もちろん、名人として世に知られるまでには、並々ならぬ辛苦があったことは申すまでもありません。まだ小圓太と名乗っていた修行時代、師匠の圓正の家では、お使いや掃除ばかりさせられていました。師匠が寄席に向かう場合も、当然お伴としてついて歩かねばなりません。電車もバスもありませんから、遠い道のりでも師匠の荷物を持って歩けば、疲れもするし、空腹にもなります。
ある冬の夜、師匠がめずらしく「蕎麦でも食っていくか」と言って、暖簾をくぐりました。小圓太は自分も一杯食べさせてもらえれば、冷え切った体も温まるだろうと喜びました。ところが席に着いたのは師匠だけで、しかも天ぷら蕎麦とお酒を一人前しか注文しません。そして、お酒を飲みながら天ぷら蕎麦をうまそうに食べてしまうと、さっさとお代を払って出て行きました。
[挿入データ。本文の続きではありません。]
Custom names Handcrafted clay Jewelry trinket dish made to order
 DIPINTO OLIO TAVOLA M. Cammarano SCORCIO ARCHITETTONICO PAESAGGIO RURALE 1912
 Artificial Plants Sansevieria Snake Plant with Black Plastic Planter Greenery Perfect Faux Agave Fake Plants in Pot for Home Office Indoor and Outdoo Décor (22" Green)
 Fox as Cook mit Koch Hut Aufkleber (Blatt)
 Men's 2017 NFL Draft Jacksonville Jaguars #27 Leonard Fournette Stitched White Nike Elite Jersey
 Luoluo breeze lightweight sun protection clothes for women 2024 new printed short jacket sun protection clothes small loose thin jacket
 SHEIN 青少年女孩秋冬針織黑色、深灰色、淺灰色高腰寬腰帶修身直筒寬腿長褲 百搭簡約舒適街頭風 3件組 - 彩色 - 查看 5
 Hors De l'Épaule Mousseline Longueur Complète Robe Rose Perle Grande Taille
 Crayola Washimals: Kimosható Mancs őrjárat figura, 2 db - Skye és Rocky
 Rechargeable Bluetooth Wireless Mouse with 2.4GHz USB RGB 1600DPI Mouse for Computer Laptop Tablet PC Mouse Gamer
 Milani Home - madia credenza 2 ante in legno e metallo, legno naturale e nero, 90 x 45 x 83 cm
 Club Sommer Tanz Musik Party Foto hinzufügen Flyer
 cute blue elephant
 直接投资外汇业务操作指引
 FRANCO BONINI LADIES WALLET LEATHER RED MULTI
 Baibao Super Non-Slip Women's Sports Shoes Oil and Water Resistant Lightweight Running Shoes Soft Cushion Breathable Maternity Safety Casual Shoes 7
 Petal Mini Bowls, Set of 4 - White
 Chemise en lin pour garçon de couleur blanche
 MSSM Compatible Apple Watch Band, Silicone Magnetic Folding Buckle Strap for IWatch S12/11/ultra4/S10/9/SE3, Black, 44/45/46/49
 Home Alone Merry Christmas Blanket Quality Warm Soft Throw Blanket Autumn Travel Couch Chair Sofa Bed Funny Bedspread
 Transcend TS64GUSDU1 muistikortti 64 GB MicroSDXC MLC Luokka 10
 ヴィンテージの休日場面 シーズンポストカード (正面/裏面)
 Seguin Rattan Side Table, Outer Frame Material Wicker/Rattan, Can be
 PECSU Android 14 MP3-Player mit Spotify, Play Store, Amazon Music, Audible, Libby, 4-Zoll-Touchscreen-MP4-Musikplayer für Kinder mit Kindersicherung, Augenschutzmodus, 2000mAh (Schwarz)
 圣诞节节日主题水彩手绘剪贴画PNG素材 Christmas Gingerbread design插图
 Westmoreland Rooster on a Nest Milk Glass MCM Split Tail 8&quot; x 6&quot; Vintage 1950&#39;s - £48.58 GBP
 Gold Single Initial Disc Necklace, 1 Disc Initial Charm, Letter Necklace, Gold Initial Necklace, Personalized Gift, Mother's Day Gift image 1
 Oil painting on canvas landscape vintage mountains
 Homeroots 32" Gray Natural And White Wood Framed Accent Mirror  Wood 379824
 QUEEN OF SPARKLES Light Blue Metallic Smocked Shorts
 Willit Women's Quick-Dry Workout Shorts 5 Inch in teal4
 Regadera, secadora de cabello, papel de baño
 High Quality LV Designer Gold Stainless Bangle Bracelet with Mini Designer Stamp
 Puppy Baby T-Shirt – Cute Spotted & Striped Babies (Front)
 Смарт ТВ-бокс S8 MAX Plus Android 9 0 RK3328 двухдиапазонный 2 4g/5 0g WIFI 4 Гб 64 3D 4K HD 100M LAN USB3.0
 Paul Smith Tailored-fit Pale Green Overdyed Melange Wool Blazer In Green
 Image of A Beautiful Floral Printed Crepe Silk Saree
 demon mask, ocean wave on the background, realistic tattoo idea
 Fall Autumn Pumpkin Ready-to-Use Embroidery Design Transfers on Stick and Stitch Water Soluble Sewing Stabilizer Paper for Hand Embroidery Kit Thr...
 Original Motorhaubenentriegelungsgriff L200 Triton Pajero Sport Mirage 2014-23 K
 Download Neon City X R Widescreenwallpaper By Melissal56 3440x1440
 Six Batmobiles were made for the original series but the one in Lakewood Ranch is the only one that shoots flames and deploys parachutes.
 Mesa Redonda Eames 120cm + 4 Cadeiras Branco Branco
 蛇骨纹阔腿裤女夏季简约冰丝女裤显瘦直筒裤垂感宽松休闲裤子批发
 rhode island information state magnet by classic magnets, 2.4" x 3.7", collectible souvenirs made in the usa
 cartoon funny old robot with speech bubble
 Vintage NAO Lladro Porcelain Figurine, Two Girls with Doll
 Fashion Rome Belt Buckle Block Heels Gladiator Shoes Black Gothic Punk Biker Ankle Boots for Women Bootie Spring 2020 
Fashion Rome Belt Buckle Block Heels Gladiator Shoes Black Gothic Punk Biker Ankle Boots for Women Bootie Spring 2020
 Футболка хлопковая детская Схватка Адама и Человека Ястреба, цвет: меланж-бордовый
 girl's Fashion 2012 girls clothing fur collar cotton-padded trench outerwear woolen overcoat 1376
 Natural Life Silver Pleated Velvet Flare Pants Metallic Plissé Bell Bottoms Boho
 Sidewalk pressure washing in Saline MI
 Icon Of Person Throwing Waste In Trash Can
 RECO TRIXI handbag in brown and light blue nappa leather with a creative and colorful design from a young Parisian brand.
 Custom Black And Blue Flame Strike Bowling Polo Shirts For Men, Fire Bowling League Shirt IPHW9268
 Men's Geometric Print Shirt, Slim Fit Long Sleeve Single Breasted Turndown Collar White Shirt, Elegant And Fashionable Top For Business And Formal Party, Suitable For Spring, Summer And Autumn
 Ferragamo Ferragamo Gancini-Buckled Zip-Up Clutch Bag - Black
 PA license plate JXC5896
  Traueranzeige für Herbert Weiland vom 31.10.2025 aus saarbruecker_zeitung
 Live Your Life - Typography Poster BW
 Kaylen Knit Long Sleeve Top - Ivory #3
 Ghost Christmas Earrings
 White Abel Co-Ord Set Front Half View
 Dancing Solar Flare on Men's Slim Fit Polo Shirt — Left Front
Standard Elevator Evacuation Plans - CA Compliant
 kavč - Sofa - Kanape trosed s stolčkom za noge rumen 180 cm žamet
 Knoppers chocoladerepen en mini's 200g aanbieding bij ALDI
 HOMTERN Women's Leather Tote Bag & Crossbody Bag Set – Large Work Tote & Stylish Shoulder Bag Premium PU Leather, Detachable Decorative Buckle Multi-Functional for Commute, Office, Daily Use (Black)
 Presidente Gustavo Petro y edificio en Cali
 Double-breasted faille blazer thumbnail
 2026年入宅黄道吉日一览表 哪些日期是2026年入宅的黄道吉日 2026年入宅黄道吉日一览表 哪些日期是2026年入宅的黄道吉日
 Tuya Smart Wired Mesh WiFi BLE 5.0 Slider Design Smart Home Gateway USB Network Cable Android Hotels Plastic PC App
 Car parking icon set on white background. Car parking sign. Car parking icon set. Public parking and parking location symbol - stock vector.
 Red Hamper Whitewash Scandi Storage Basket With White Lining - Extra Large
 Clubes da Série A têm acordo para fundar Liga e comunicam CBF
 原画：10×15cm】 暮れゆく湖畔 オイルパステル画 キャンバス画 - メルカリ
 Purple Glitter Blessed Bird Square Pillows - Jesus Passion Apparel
そして、後ろをふり向くと、「蕎麦が食いたかったら、早く真打(高座で一番の出演者)になれよ」と、それだけでした。
弟子入りして二年余りになっても、一度として噺の稽古をつけてくれません。とうとう我慢できずに、そのことを師匠に願い出ました。すると師匠は、「では寒いだろうが、明日は夜明けまでに来い」と言います。翌日、小圓太は眠気も寒さも忘れて、師匠の家に駆けつけました。ところが、言いつけられたのは庭掃除です。小圓太が池のところを箒ではいていると、師匠がいきなり氷の池に突き飛ばしました。氷を砕いて全身ずぶぬれです.それでも、凍える体で着がえを済ませて庭に出ると、師匠がスズメに米粒を撒いていました。一羽のスズメが食べ終わると、樹の枝にとまりました。また別の一羽が食べ終わると、一段上の枝にとまりました。師匠はそれを、ジーッと見つめています。そして、「もう、稽古は済んだぞ」と言うのです。小圓太は何のことやらわかりません。そして、師匠が言いました。
「高座で空腹の噺をする時は、あの蕎麦のことを思い出せ。眠い時や体が凍えた時の話をする時は、さっきのことを思い出せ。そうすれば、噺が真に迫る。このスズメを見ろ。下のスズメと上のスズメを見る時は、目線を移さねばならん。わしはそれを教えたんじゃ。だから稽古は済んだと言ったんじゃよ」
小圓太は初めて、師匠の厚い情けを知りました。こうまでして、弟子である自分を仕込んでくれている師匠の慈悲を知りました。名人・三遊亭圓朝の誕生秘話です。